- Source material:
**********

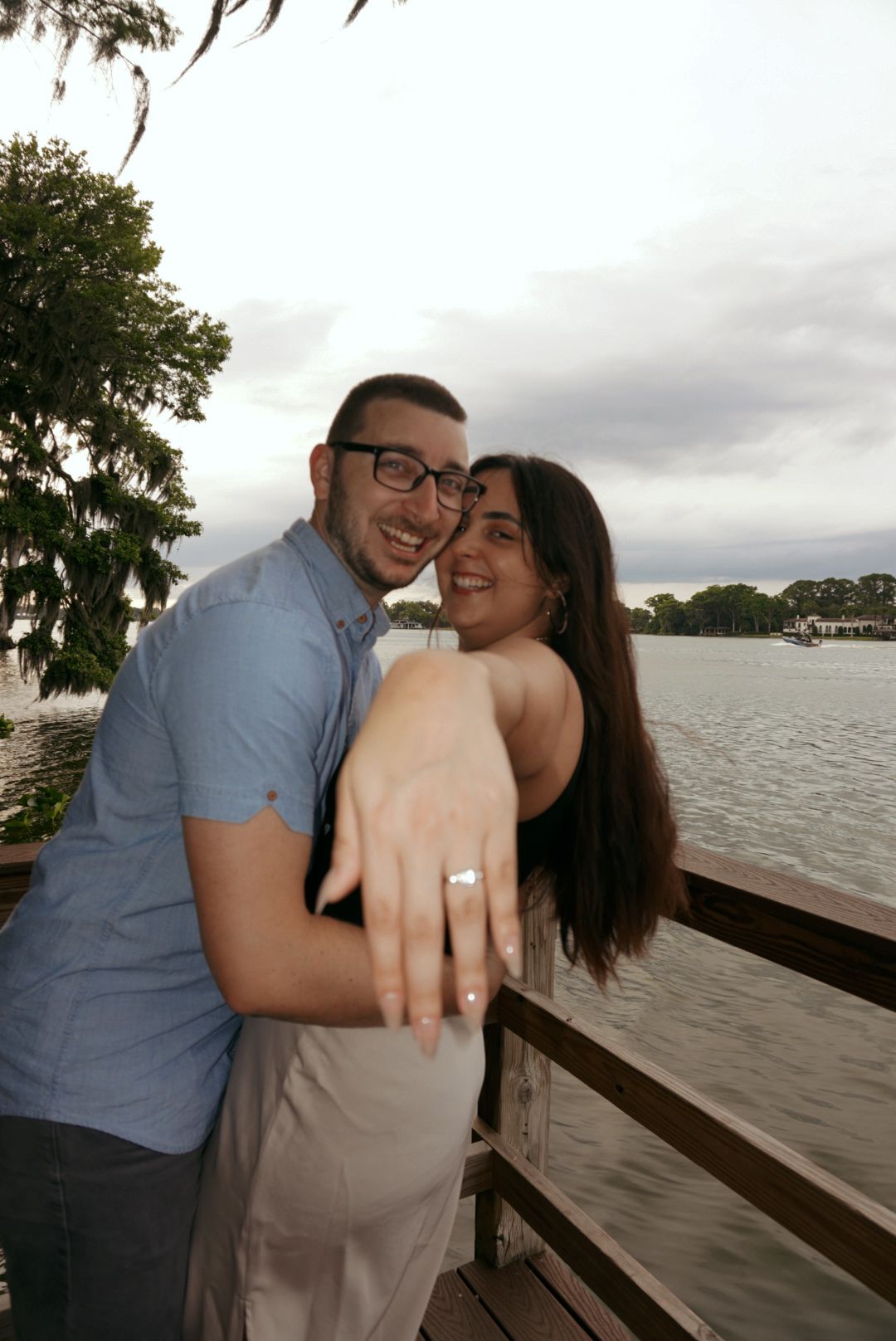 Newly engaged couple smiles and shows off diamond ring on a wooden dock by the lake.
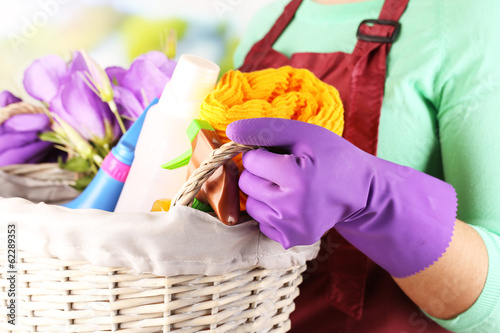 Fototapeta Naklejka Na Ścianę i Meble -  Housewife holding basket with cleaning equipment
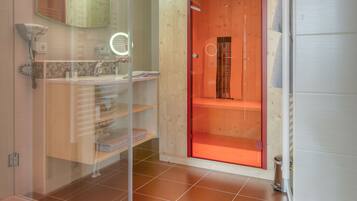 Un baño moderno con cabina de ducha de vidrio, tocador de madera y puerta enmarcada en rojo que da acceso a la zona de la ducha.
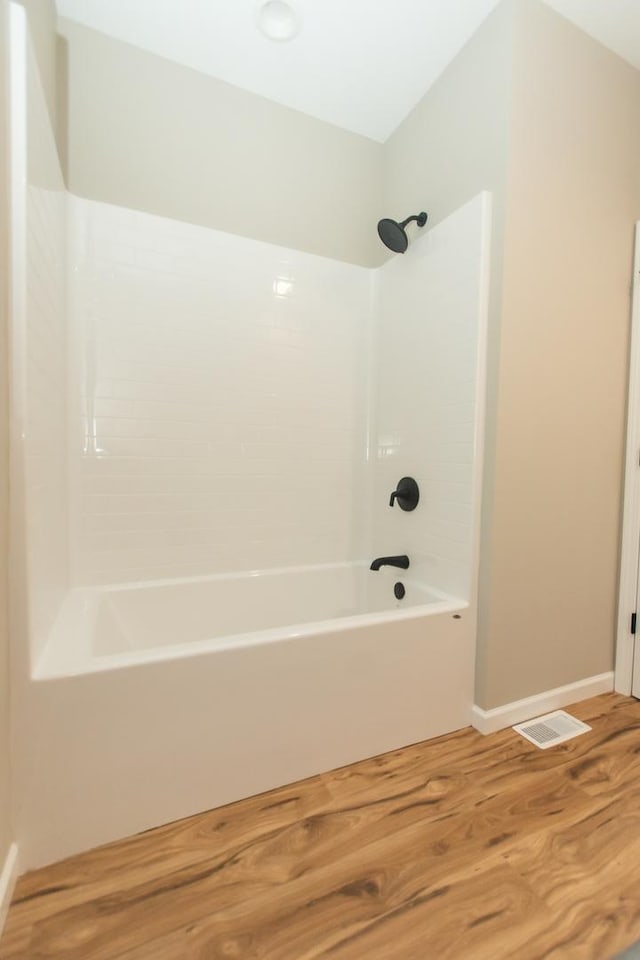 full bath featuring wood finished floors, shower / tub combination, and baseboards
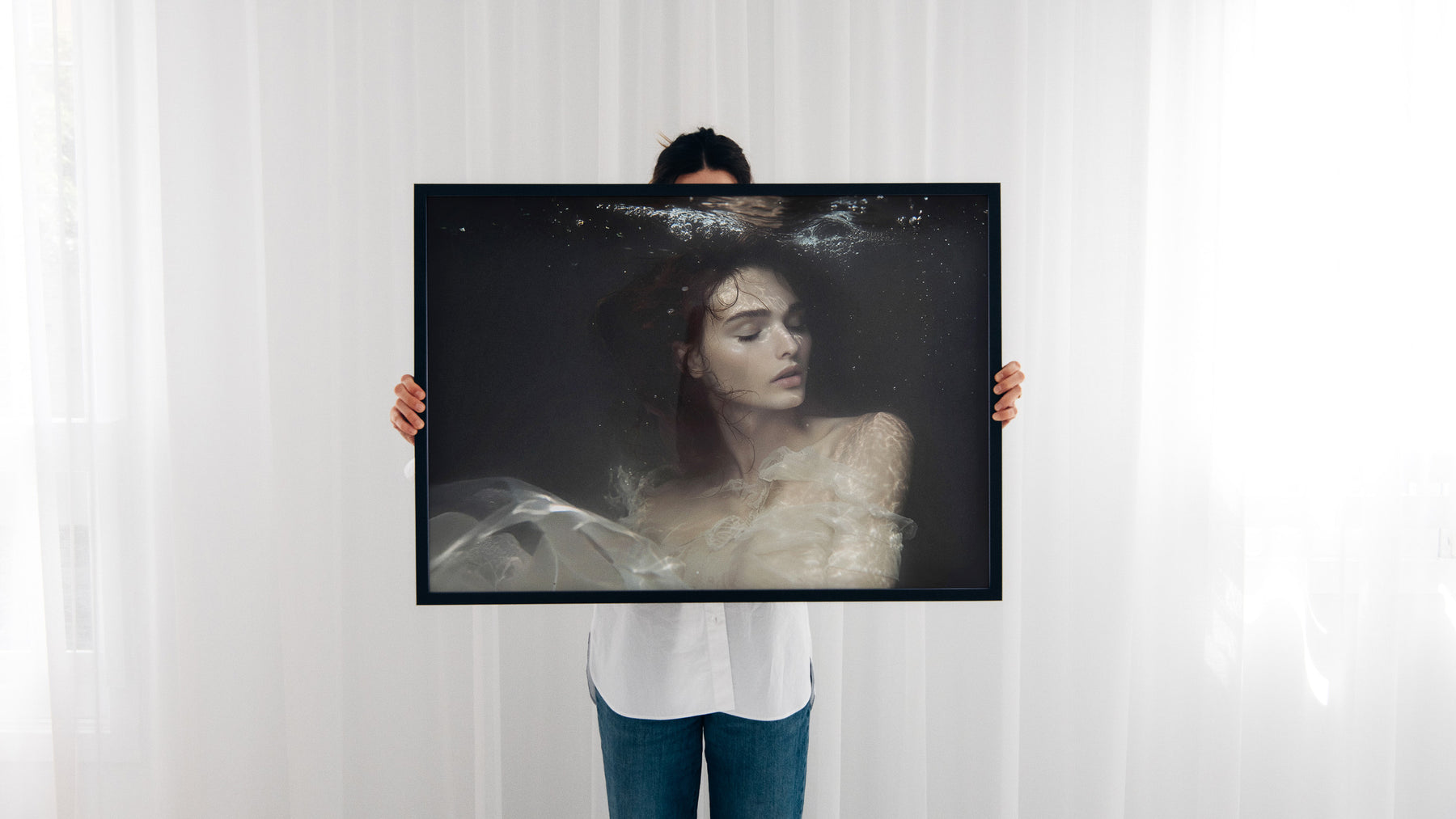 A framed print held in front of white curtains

**********

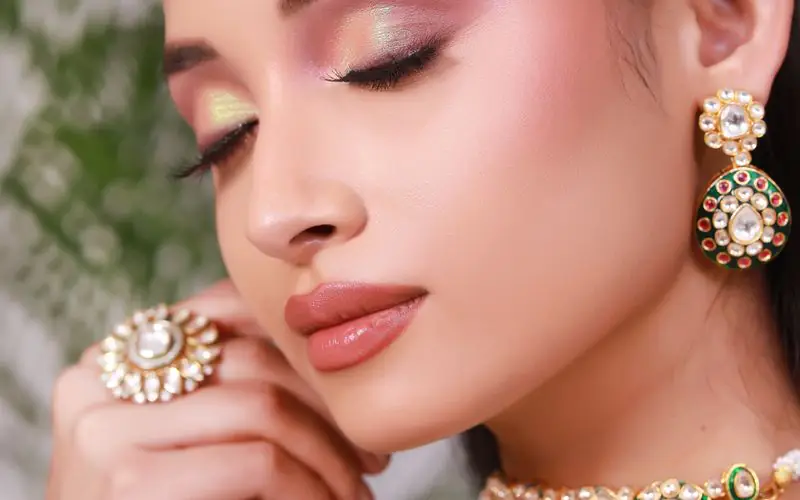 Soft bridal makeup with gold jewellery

**********

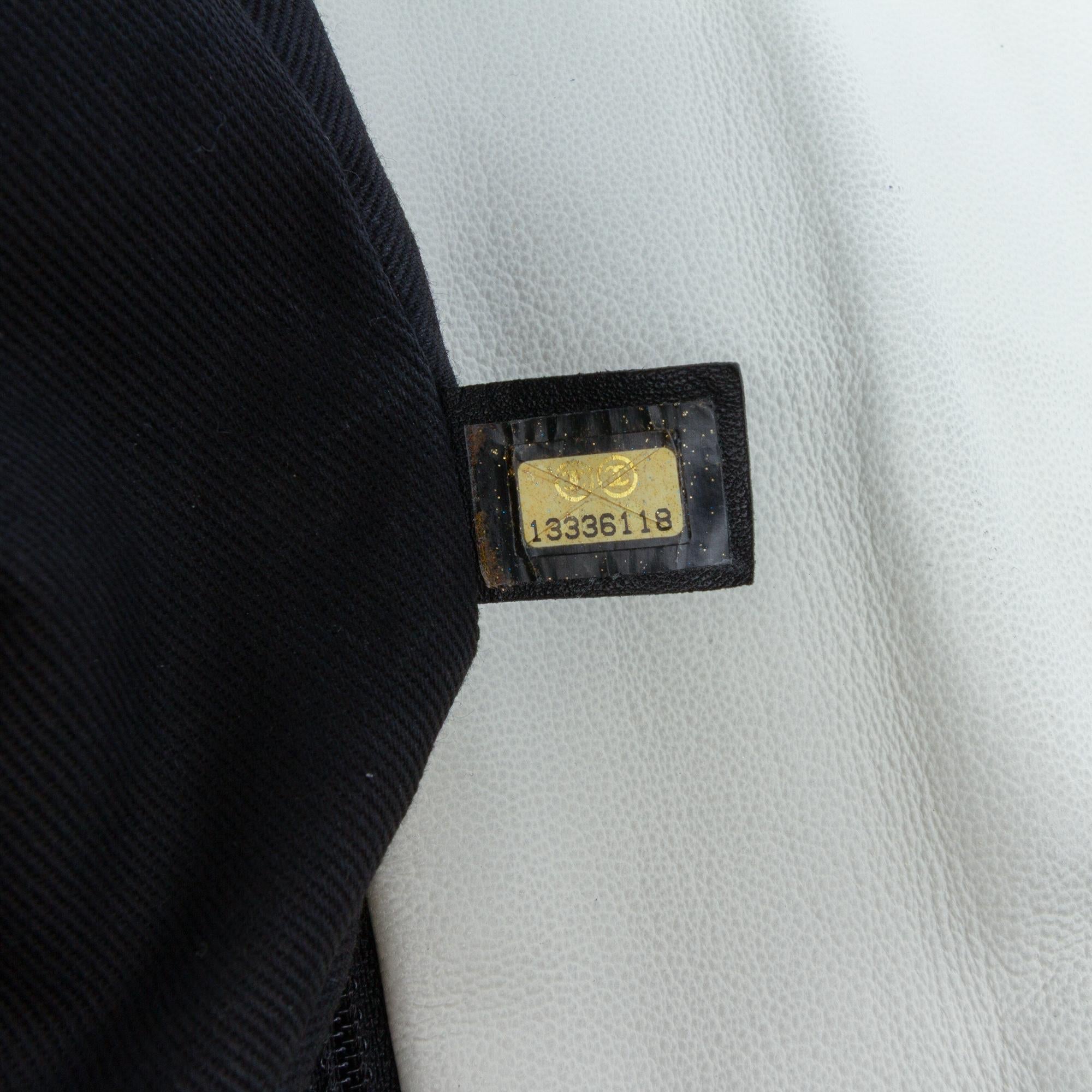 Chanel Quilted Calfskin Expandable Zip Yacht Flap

**********

- Problem requirements: Once the line with "Fototapeta Naklejka Na" is found above, print it and every line after it through the line with "A framed print", exactly. Pictures stay out.

- Worked solution:
 Fototapeta Naklejka Na Ścianę i Meble -  Housewife holding basket with cleaning equipment
 Un baño moderno con cabina de ducha de vidrio, tocador de madera y puerta enmarcada en rojo que da acceso a la zona de la ducha.
 full bath featuring wood finished floors, shower / tub combination, and baseboards
 A framed print held in front of white curtains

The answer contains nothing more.